▶ **Activity**
In the records below, the relevant part opens with the line containing "2HP Three Phase Electric Motor" and closes with the line containing "Lyziarska bunda, loap,146"; print that part exactly and only, without its pictures.

▶ **Available data**
━━━━

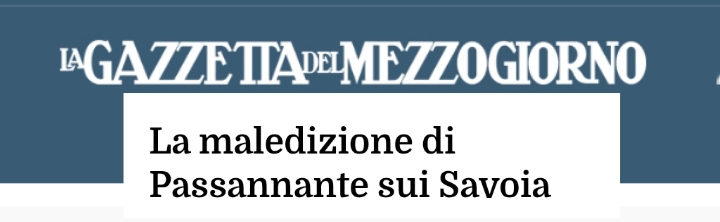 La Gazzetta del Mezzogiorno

━━━━

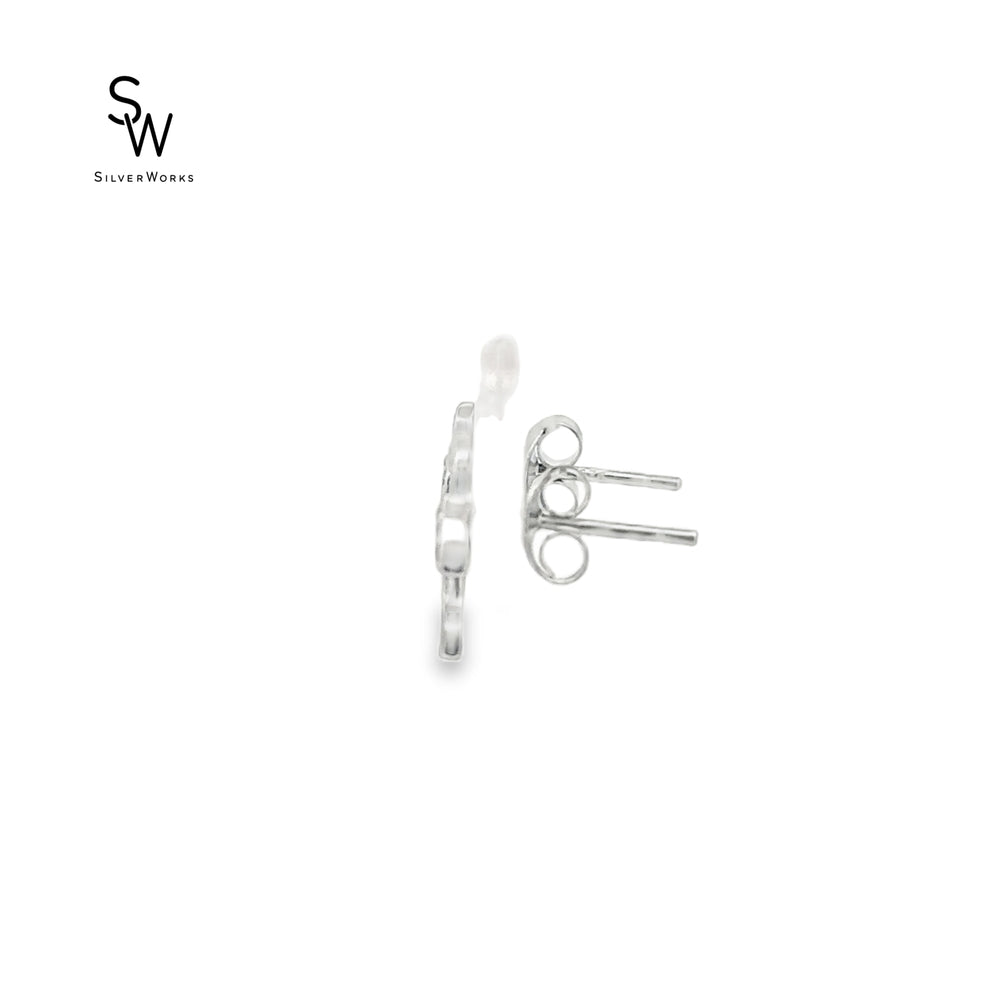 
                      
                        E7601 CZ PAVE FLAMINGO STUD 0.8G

━━━━

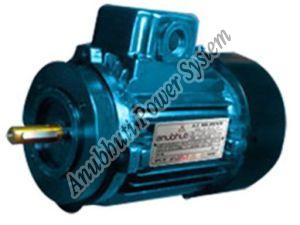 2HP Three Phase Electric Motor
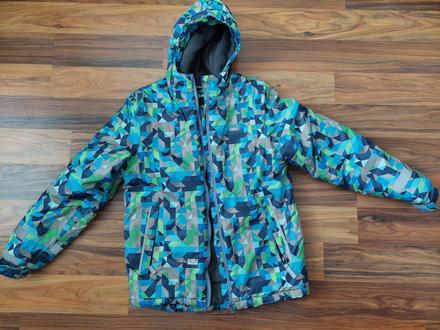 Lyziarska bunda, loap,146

━━━━

▶ **Answer to the problem**
 2HP Three Phase Electric Motor
 Lyziarska bunda, loap,146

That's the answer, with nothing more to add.